Most datatape runners support these parameters:

# Specify target date
python run_concord.py --target-date "2025-06-18"

# Force refresh cached data
python run_concord.py --force-refresh

# Run for specific portfolios
python run_concord.py --portfolio "Sunnova SAP IV LLC"

# Use custom configuration
python run_concord.py --config "./custom_config.yaml"

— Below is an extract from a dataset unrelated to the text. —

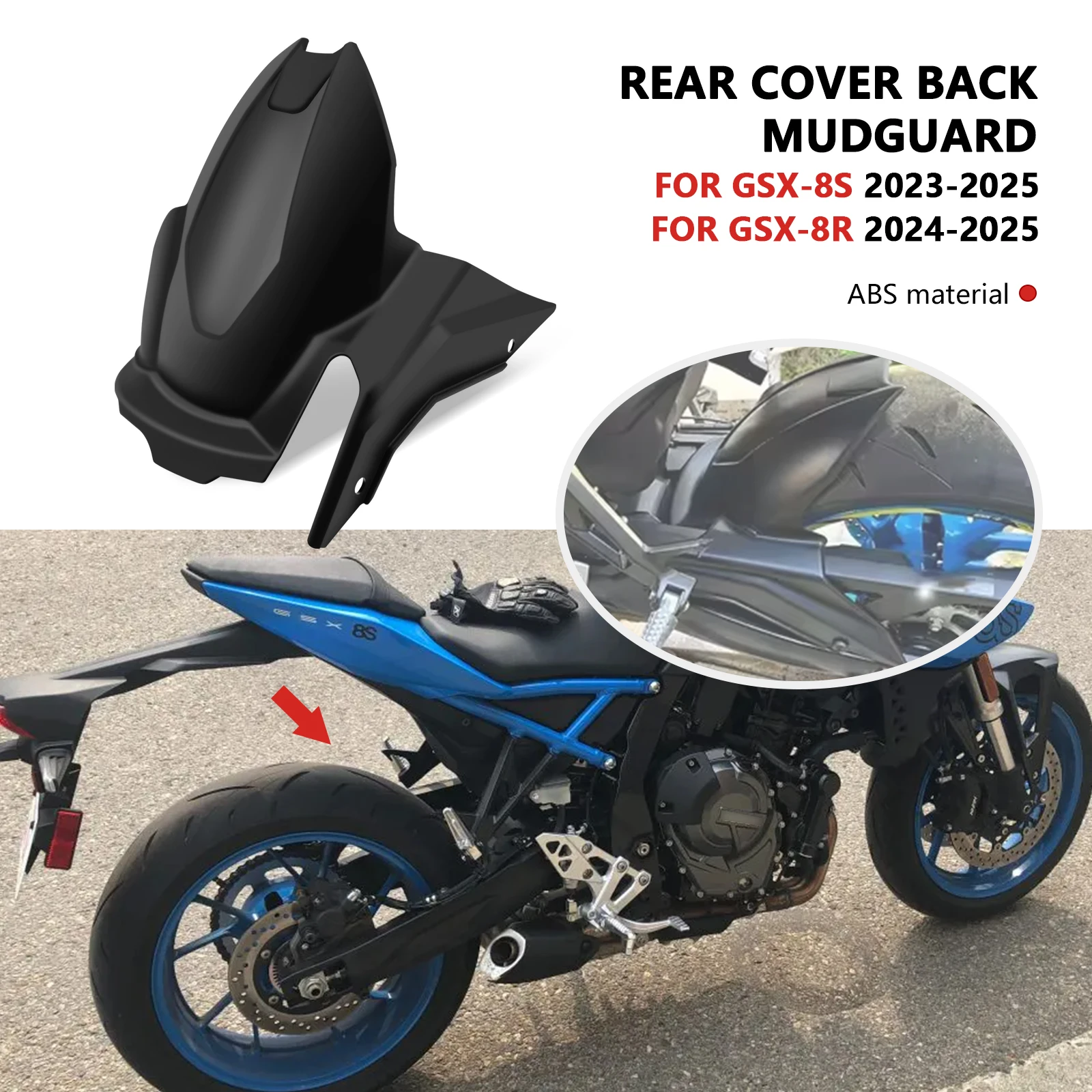 

Motorcycle Accessories Rear Fender Mudguard Mudflap Guard Cover Fit For GSX-8S GSX8S GSX-8R GSX8R 2023-2025 2024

Understanding DataTape Outputs

Output Structure

Each datatape generates the following outputs:

datatapes/[name]/
├── completed_output/
│   ├── [DataTape]_YYYY-MM-DD.csv     # Main output file
│   └── [DataTape]_YYYY-MM-DD.xlsx    # Excel version (if enabled)
├── profiling_output/
│   └── [DataTape]_YYYY-MM-DD_profile.html  # Data quality report
└── logs/
    └── [DataTape]_YYYY-MM-DD.log     # Execution log

Column Documentation

Every datatape includes comprehensive column documentation showing:

  • Column Name: The output column name
  • Source: Which database table(s) provide the data
  • Type: Data type (VARCHAR, DECIMAL, DATE, etc.)
  • Description: Business meaning and usage
  • Calculated: Whether the field is derived vs. direct from database

Example from Concord datatape:

Column Source Type Description
System Name CONCORD.CORE_SYSTEM VARCHAR Unique identifier for the solar system
Customer Name CONCORD.CUSTOMER_DATA VARCHAR Customer's full legal name
Monthly Payment CONCORD.PAYMENTS (calculated) DECIMAL Average monthly payment amount

Data Quality Reports

Each datatape run generates an automated data quality report including:

  • Column Profiling: Data types, null counts, unique values
  • Data Distribution: Min/max values, common patterns
  • Quality Issues: Missing data, outliers, format problems
  • Row Counts: Total records and any filtering applied

Working with Specific DataTapes

Concord DataTape

Purpose: Core system data for Concord-managed portfolios
Key Outputs: Customer demographics, equipment details, financial data
Typical Use Cases: Portfolio reporting, customer analysis, payment tracking

cd datatapes/concord
python run_concord.py --target-date "2025-06-18"

KLIM DataTape

Purpose: Key Loan Information Matrix for loan analytics
Key Outputs: Loan details, customer info, payment history
Typical Use Cases: Credit analysis, portfolio performance, regulatory reporting

cd datatapes/klim  
python run_klim.py --target-date "2025-06-18"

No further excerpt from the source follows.